Le festival de 2017 dans le village de Lagrasse intervient peu de temps après le succès de "L'histoire mondiale de la France", best-seller de Patrick Boucheron. Ce nouveau livre "Nous sommes ici, nous rêvons d’ailleurs" y fait écho dans une certaine mesure : "Cet été 2017, j'ai voulu, par jeu, montrer que dans ce titre oxymorique, on n'avait pas à choisir entre faire l'histoire du monde, et de l'endroit où on était."

J'étais à Lagrasse et j'ai donc décidé qu'on fasse "l'histoire mondiale de Lagrasse".

Un ouvrage poétique et littéraire

Ce livre, poétique et littéraire, est aussi pour lui une manière de rappeler que le rôle de l'historien connu publiquement "n'est pas simplement de vibrer lorsqu'il y a un temps fort de l'actualité. C'est reconnaitre dans l'histoire une sorte de rhapsodie des temps faibles."

Parfois je veux retrouver l'intensité poétique d'un moment plus discret

Selon Patrick Boucheron, l'idée principale de ce nouveau livre, "Nous sommes ici, nous rêvons d'ailleurs" : c'est avoir le droit "d'être particulièrement ému et attendri par l'endroit où le hasard nous a posé, sans pour autant considérer que tout ce qui n'est pas d'ici ne vaut rien."

Eric Zemmour : "le nom de la falsification de l'histoire"

Sur Eric Zemmour, il déclare : "on ne saura jamais ce qui se serait passé si on n'en avait pas autant parlé. Il n'y a pas de pays B où on aurait décidé à partir de septembre qu'après tout, il n'était pas candidat et qu'on n'avait pas à saturer le débat public de ce syntagme."

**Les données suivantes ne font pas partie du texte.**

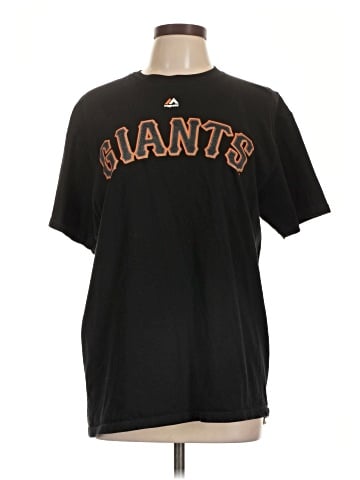 Majestic Short Sleeve T-Shirt (view 1)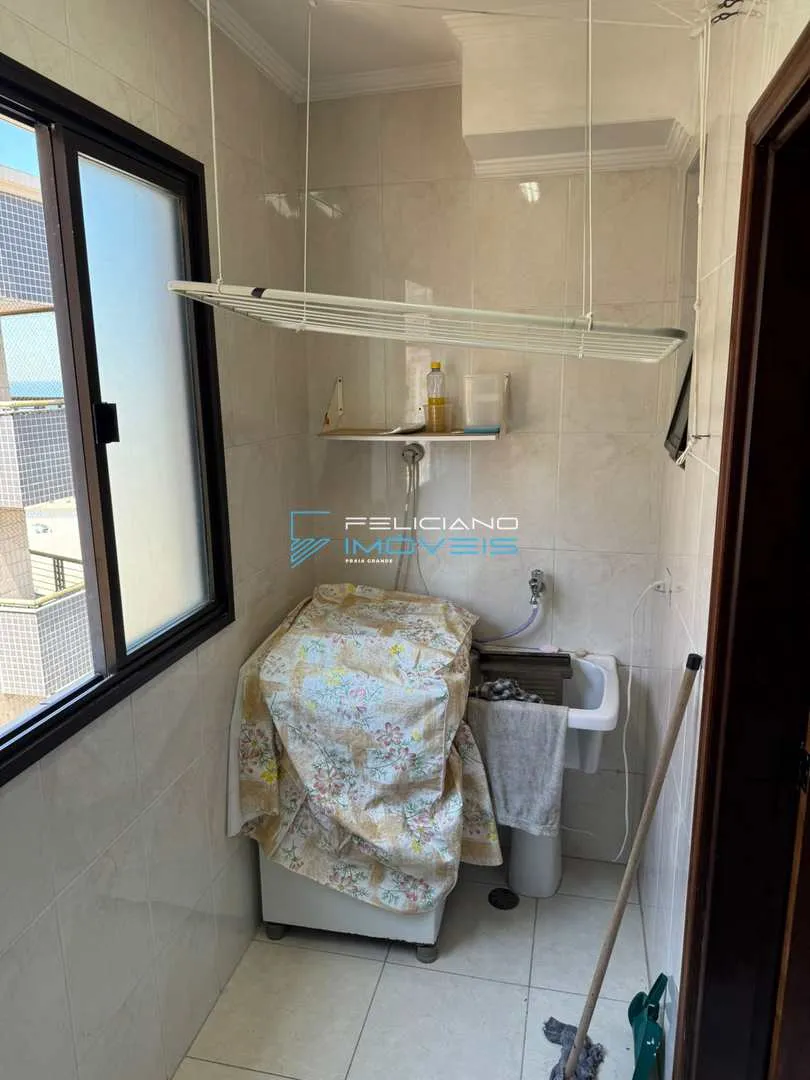 Imagem Cobertura com 3 quartos, Guilhermina, Praia Grande - R$ 1.33 mi, Cod: 7227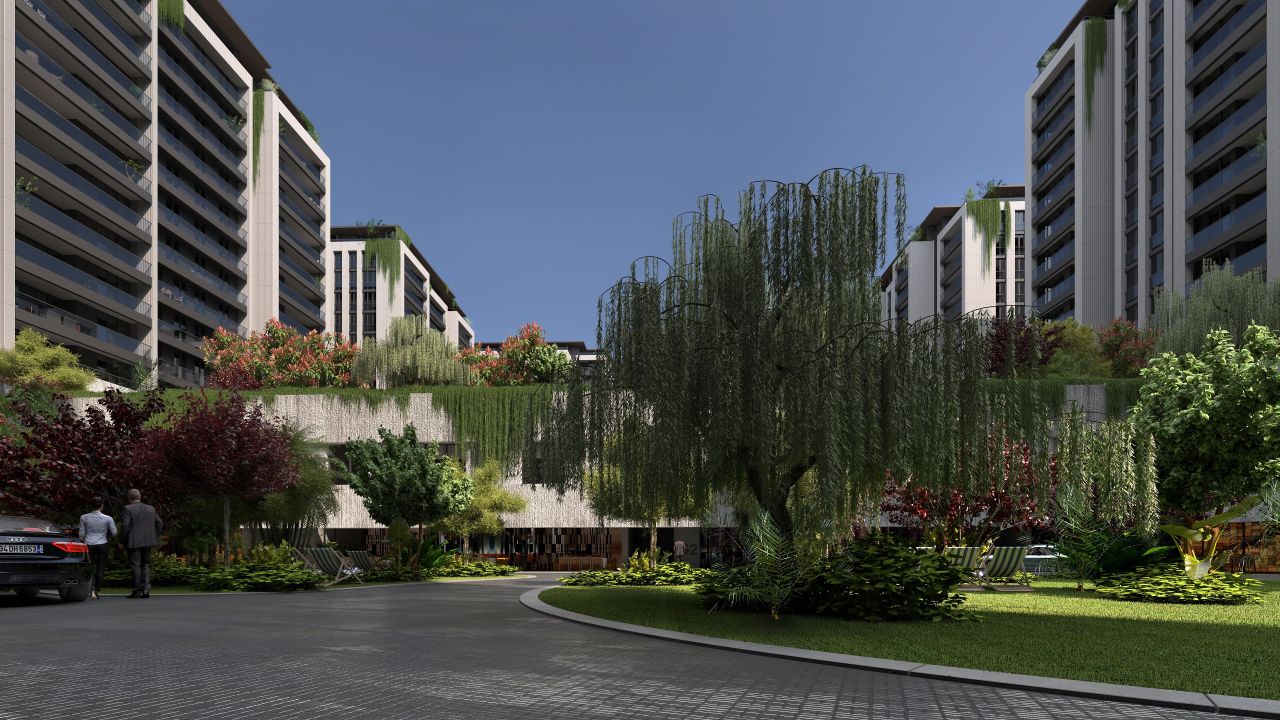 Квартира в Стамбуле, Турция, 139 м² - фото 2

Eric Zemmour, "c'est le nom de la falsification de l'histoire"

Il reprend, sur le fait qu'Eric Zemmour ne considère pas qu'il y ait de consensus historique sur le rôle du maréchal Pétain dans la déportation des juifs : "c'est très important de faire entendre qu'il y a des historiens et des historiennes, qui travaillent, et qui à un moment s'accordent sur un savoir qui ne leur est pas donné mais qu'ils ont construit."

Montée de l'extrême droite dans les urnes

Quant au score de l'extrême droite au second tour de la présidentielle (41,5%) : il y a un contexte "à une séduction très forte pour une tentation autoritaire, il faut en tenir compte", analyse-t-il.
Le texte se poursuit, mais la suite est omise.